Office: 202 West Village H, room 344
Phone: ++1-617-373-3100
Email: t.wahl–ät–northeastern.edu
                                      Thomas Wahl                   
Northeastern University

Welcome to my former homepage. After working at Northeastern for about a decade, I have moved on to join GrammaTech, Inc. The information below may therefore be somewhat out of date. Naturally, I will also not take on new students at this time.

I do research on various aspects of Formal Verification and Program Analysis, such as for concurrent and numeric programs; further on detecting and repairing security vulnerabilities of programs, such as information leaks introduced by compilers, and structural and quantitative manipulations on neural networks to influence their decision making.



Brief bio:

  • 2011–2021: Full-time faculty at Northeastern University, Khoury College of Computer Sciences
  • 2009–2011: Research Officer, Oxford University, Department of Computer Science (formerly "Computing Laboratory"), UK
  • 2007–2009: Lecturer and Postdoc, Swiss Federal Institute of Technology (ETH), Zurich, Switzerland
  • 2007: Ph.D., University of Texas, Austin



General research interests:

  • Software verification techniques, such as predicate abstraction, SAT and SMT solving, decision procedures
  • Infinite-state system verification, such as arbitrarily-threaded programs or distributed systems
  • Stability, robustness, reliability of numeric computations, especially using floating-point arithmetic
  • Software analysis techniques for security verification, such as detection of information leaks (e.g. through side channels)



Past and current projects:


  • Resource-aware program verification using Observation Sequences:

  • Short version: Verification techniques try to analyze software (or hardware) for bugs: behaviors that are unexpected, unwanted, and can cause the software to end up in an unworkable state, crash, or simply compute wrong results.
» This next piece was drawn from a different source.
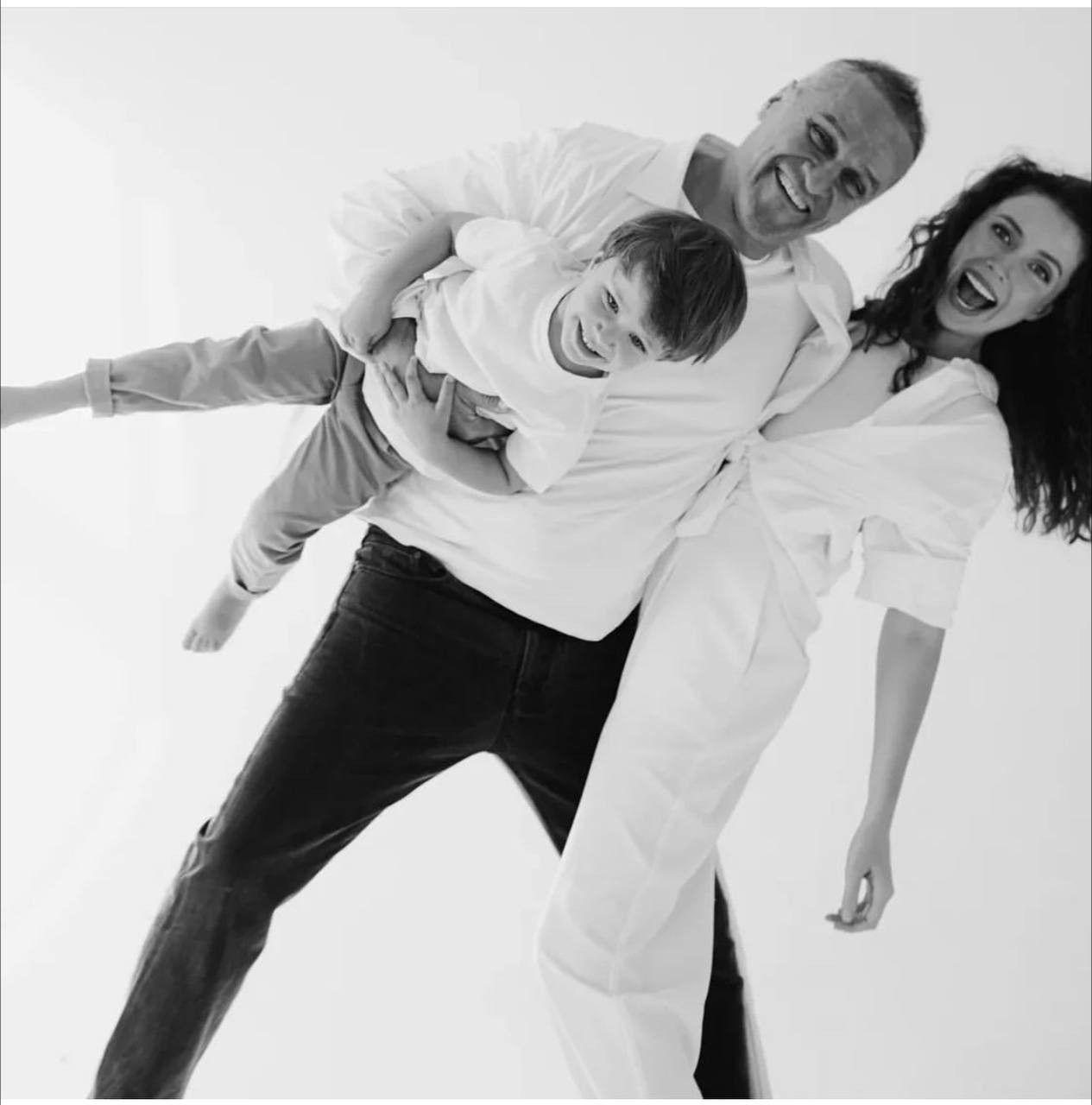 Референсы семейной фотосессии lifestyle. Креатор Ольга Яш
This project develops a verification technique that tries to exploit the fact that most software systems are designed over a variable number of resources. How do changes (especially incremental changes) of the resource parameter affect the behavior of the software?
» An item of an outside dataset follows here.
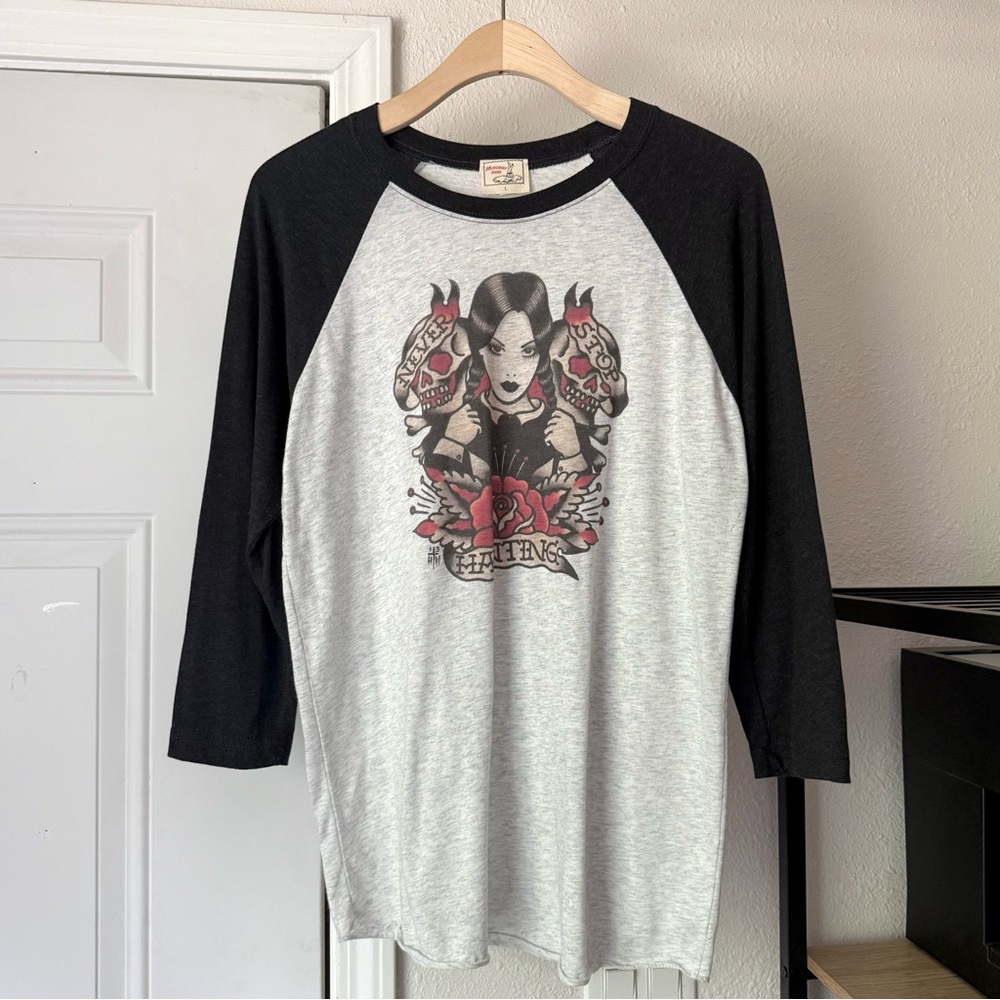 MISCHIEF MADE‎ Heather long 3/4 sleeve cropped baseball Wednesday graphic tee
    More details: Many systems are naturally designed (consciously or not) over a variable number of certain resources, which can mean physical or logical entities. Examples of such resources include:
    1. the number of physical components of a certain functional type,
    2. the number of clients that simultaneously request a service from a server,
    3. the capacity of the communication channel between components,
    4. the number of context switches permitted among concurrent threads,
    5. the recursion nesting depth (= stack size) permitted in a piece of software.
    We can expect that the behavior of the instances of the parametric design family (= the concrete designs for each parameter choice) depend on the parameter in a smooth, "continuous" way. This enables analyses of the function that maps the number of resource instances (= the parameter) to a concrete design (this function goes from the natural numbers to the design space).
    More concretely, suppose k is an integral parameter of the design. With the target property P to be verified in mind, we define a function O mapping the parameter to observations about the design of size k, such that knowledge of O(k) enables a decision on whether P holds of the instance of size k. For example, the "observation" could simply be the set of states reachable in the system of size k.
    In general, we require of function O that it be monotone: more resources means more system behaviors (observations). This is almost always the case provided the value of k is not accessible in the program defining a system instance's behavior. (If it is, the dependence on k can be arbitrary, making analysis against unbounded k in general impossible.)
    We now analyze the system design for increasing values of k. Due to monotonicity of O, consecutive observation sets O(k) are in some sort of ≤ relationship. This begs the question whether the function O converges at some parameter point k0, i.e. whether it stops increasing after reaching k0. If so, the truth value of property P has stabilized, i.e. unless we have detected a violation of P up to this point, we have proved the property for all parameter instances.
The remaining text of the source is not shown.